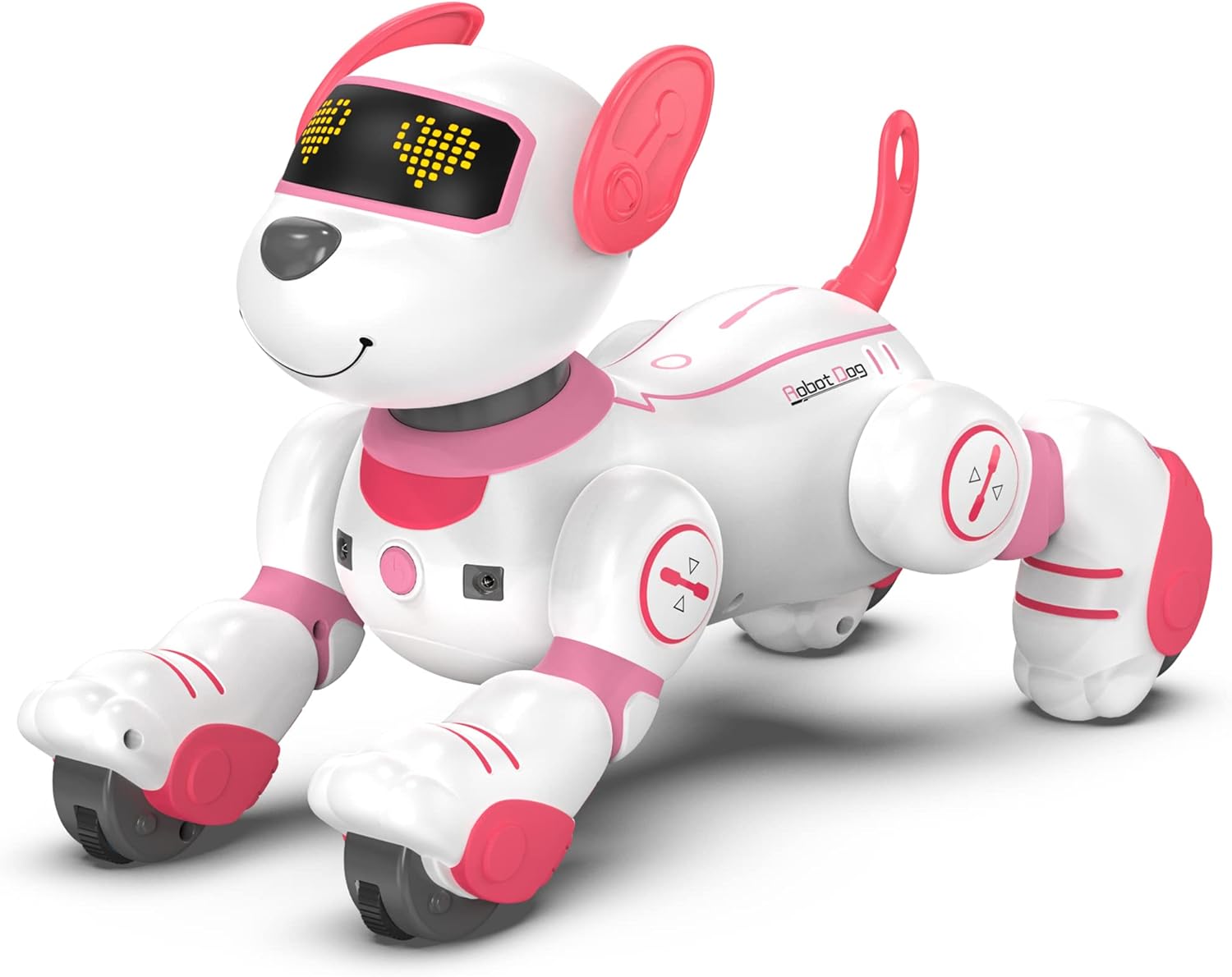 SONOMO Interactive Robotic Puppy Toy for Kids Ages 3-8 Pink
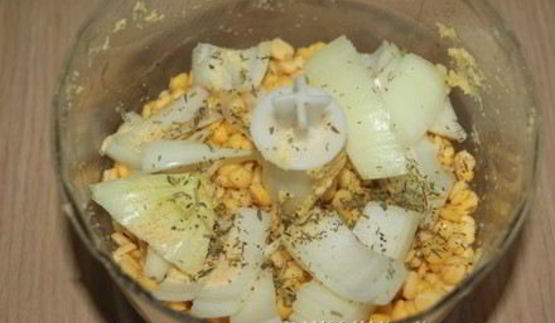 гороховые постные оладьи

========

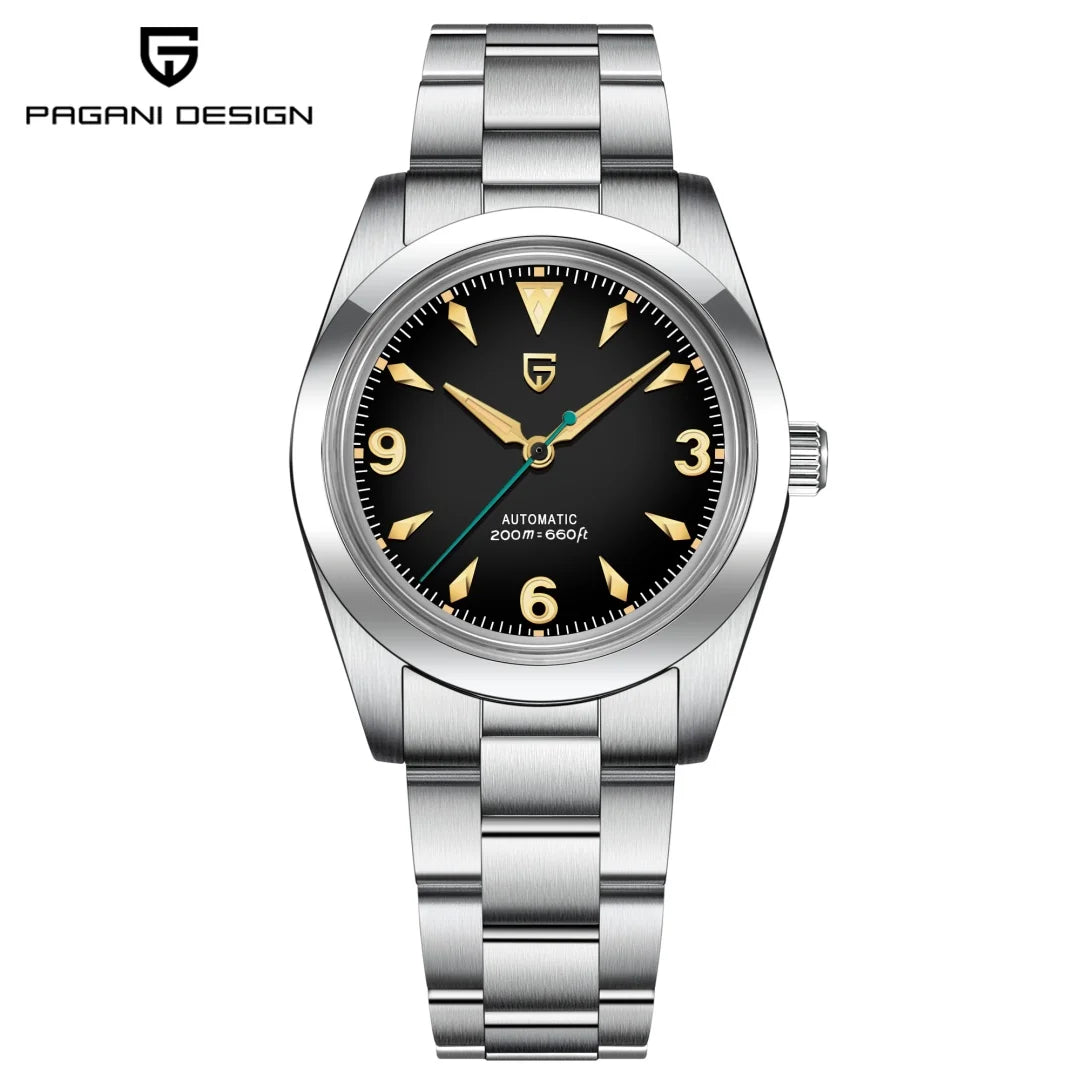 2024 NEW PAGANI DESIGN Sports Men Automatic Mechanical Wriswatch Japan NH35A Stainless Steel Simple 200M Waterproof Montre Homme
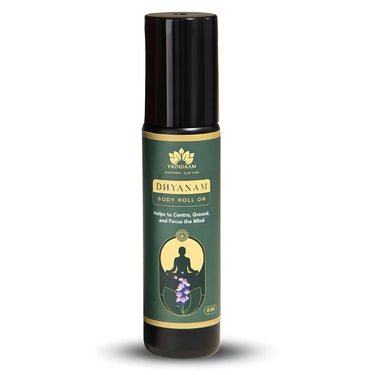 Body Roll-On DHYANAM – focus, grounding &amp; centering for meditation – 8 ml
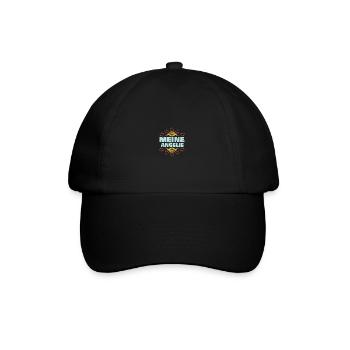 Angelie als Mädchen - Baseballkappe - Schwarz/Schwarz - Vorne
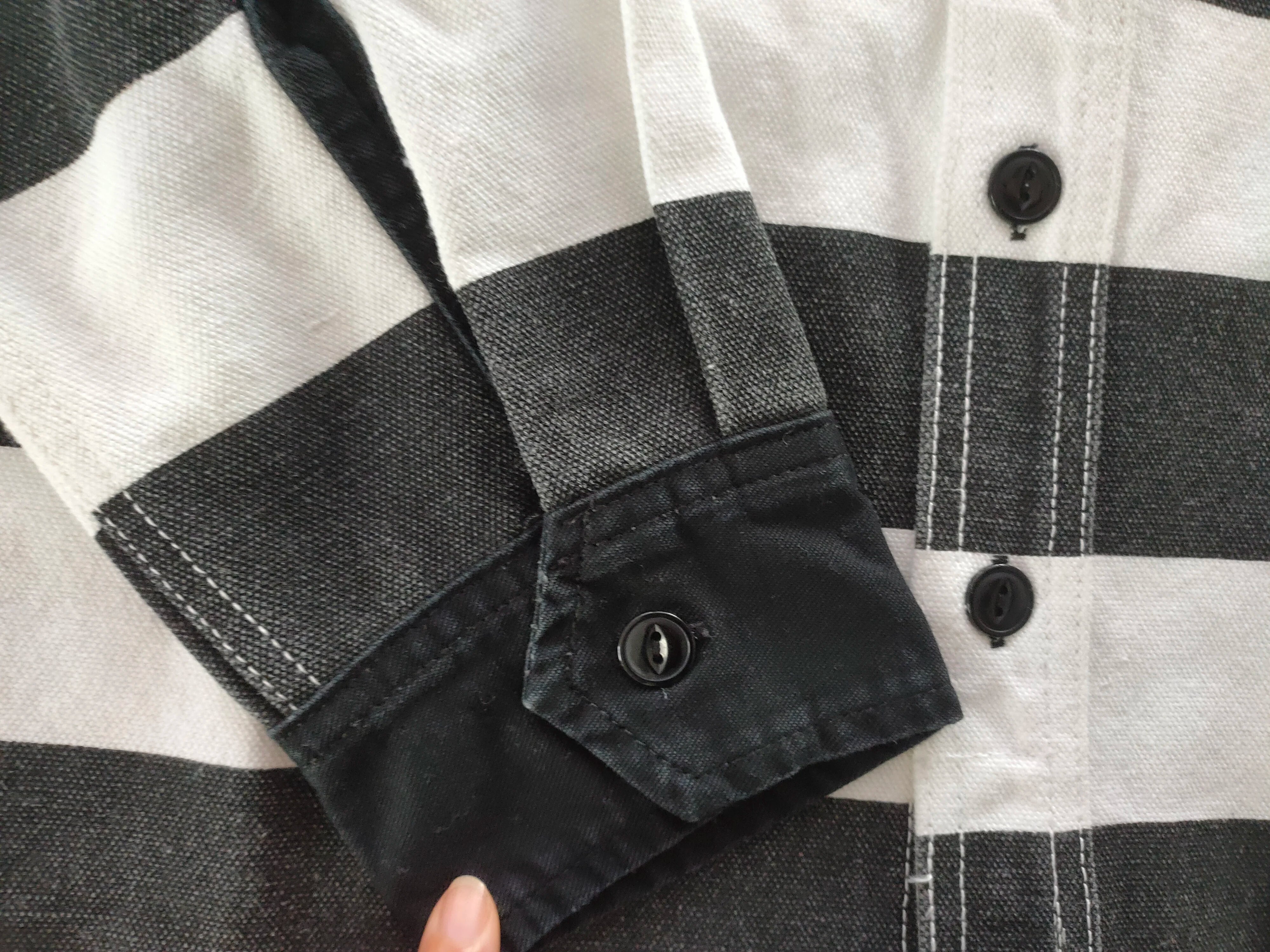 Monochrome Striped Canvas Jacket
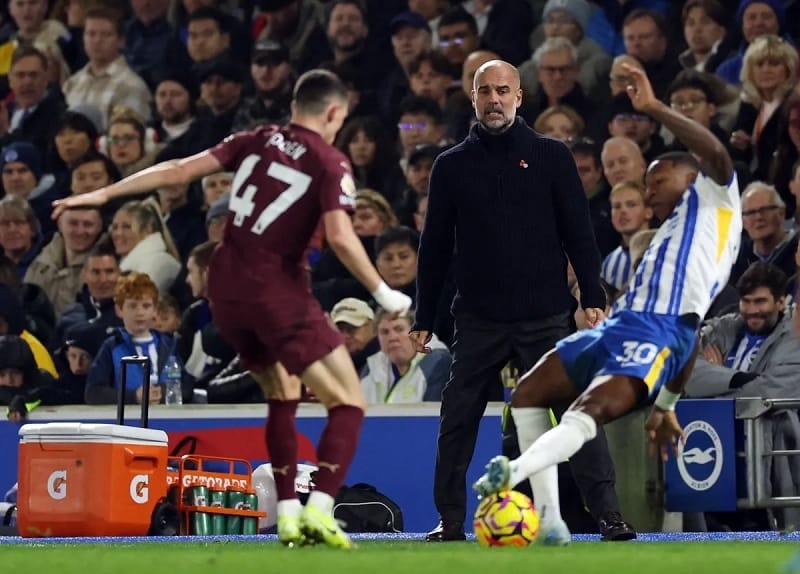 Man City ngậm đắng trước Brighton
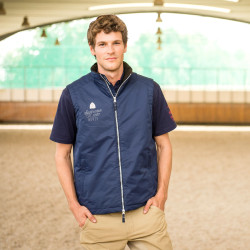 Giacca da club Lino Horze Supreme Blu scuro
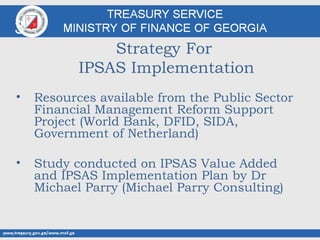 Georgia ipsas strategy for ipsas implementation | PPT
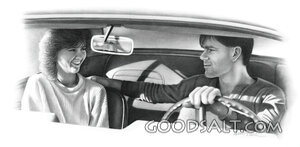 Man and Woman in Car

========

--- Task brief ---
From the records above, copy exactly the stretch from the line holding "Angelie als Mädchen" through the line holding "Man and Woman in Car", both ends included, without the pictures.

--- Response box ---
 Angelie als Mädchen - Baseballkappe - Schwarz/Schwarz - Vorne
 Monochrome Striped Canvas Jacket
 Man City ngậm đắng trước Brighton
 Giacca da club Lino Horze Supreme Blu scuro
 Georgia ipsas strategy for ipsas implementation | PPT
 Man and Woman in Car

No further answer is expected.